Any mistakes in the serialisation and deserialisation should be picked up in the tests, so I'm happy to leave this as is.

csegarragonz · 2021-05-13T14:09:33Z

src/threads/ThreadState.cpp

+          depth);
+    }
+
+    assert(localThreadNum >= 0);


Checking, throwing an error, and asserting seems a bit counter-intuitive/verbose to me. What do you think about using something like:

#define assertm(exp, msg) assert(((void)msg, exp)) ... assertm(localThreadNum >= 0, fmt::format("Local thread num negative {} - {} @ {}", msg->appindex(), globalTidOffset, depth));

taken from cppreference.

Hmm yes you're right, I'll just add an exception in this case.

csegarragonz · 2021-05-13T14:17:32Z

src/wavm/threads.cpp

+    WAVMWasmModule* thisModule = getExecutingWAVMModule();
+    unsigned int callId = thisModule->chainedThreads[pthreadPtr];
+    logger->debug("Awaiting pthread: {} ({})", pthreadPtr, callId);
+    faabric::scheduler::Scheduler& sch = faabric::scheduler::getScheduler();


I think we decided it was ok to use auto& for the scheduler's getter

csegarragonz · 2021-05-13T14:31:26Z

tests/test/wasm/test_openmp.cpp

-    conf::FaasmConfig& conf = conf::getFaasmConfig();
-    int32_t defaultPoolSize = conf.moduleThreadPoolSize;
-    conf.moduleThreadPoolSize = 15;
+    faabric::util::SystemConfig& conf = faabric::util::getSystemConfig();


Should we use auto& here as well? (Feel free to ignore)

We should use auto to reduce verbosity on very commonly used things, but not when it would impact the readability/ understanding of the code. The logger is a good example of where it's used in almost every file, its type name is long, and we only have one of them. Adding auto on the Scheduler is definitely ok in places where it's used a lot in the same file (e.g. tests), plus we only have one scheduler so you know what type it is. Given that we have two configs (faasm and faabric) I would say it's less clear whether to have a blanket ruling on conf as it might harm the readability, but it's probably not that big a deal either way.

csegarragonz · 2021-05-13T14:38:37Z

src/wavm/WAVMWasmModule.cpp

-            throw std::runtime_error(
-              "Cannot execute function on module bound to another");
-        }
+        throw std::runtime_error("Module must be bound before executing");


Maybe another use case for assertm()?

Hmm it's a good question. I think assertm is probably never preferable to an if and an exception, other than the fact that it saves some lines. I do like the fact that assertm can be done in one line, hence doesn't clutter the code, but because it's removed in non-debug builds it risks missing errors in deployments.
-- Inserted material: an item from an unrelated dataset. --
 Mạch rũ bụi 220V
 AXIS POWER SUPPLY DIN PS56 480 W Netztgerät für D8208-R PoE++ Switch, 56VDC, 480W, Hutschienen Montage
It would be nice to save some lines on checks like this though, so perhaps it should be replaced with an assertm-like macro that doesn't get removed.

I would say we should only use assert in places where they will never fail unless there is something wrong with the logic contained wholly within that method, or a threading issue like a race condition, i.e. places where you wouldn't otherwise bother with an if/ exception combo and that we can be pretty sure will be caught in tests. I see asserts as a mix of documentation and testing, i.e. they tell you as the reader something relatively obvious e.g. "this variable in the loop should be zero by the end", or "this thing will never be null, so you can always make that assumption in code that uses this function".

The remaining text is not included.